Sedimentary greigite formation and stability

Since the classic work of R.A. Berner, greigite (Fe3S4) has been considered a metastable iron sulfide that forms as a precursor to pyrite (FeS2). However, revised thermodynamic data now indicate that greigite is a stable sedimentary Fe-S phase. Equilibrium computations with the revised data explain key aspects of sedimentary greigite occurrences. Greigite has a large stability area in pE-pH space relative to pyrite.

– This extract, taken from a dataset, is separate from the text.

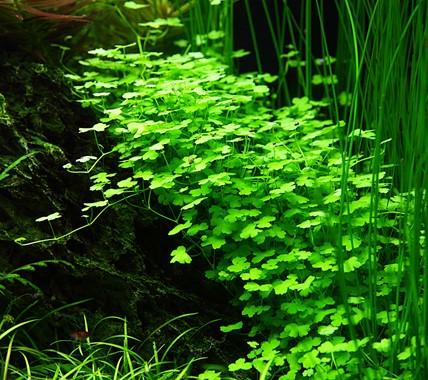 Tropica Hydrocotyle tripartita 1-2-GROW! - Image 3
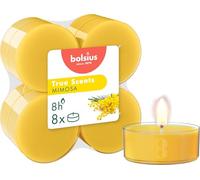 Bolsius - True Scents - Lot de 8 Chauffe-Plat Maxi Parfum - Mimosa - Longue durée de Combustion de 8 Heures - Extraits naturels - Cire végétalienne - sans Huile de Palme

It dominates in low pE regimes, which is consistent with its widespread occurrence in methanic sediments. It also has a small but significant stability field near the sulfate-sulfide stability boundary. Its significance increases in environments with relatively high dissolved Fe:S ratios, which explains its occurrence in freshwater sediments and iron-enriched marine sediments. It is also a paleoenvironmental marker for transitional environments, especially between freshwater and marine systems. Widespread sedimentary greigite occurrence is consistent with its stability. It is stable with respect to pyrite and monoclinic pyrrhotite to over 200 °C, and its presence indicates that enclosing rocks have not exceeded this temperature for prolonged periods since greigite formation. However, greigite is sensitive to oxidation and its long-term geological preservation depends mostly on protection from oxidation by low sediment permeability or enclosure in other materials. Also, most sedimentary and biological greigite forms via equilibrium reactions involving mackinawite-like precursors, but greigite is not a precursor to pyrite; these minerals form independently during sedimentary diagenesis.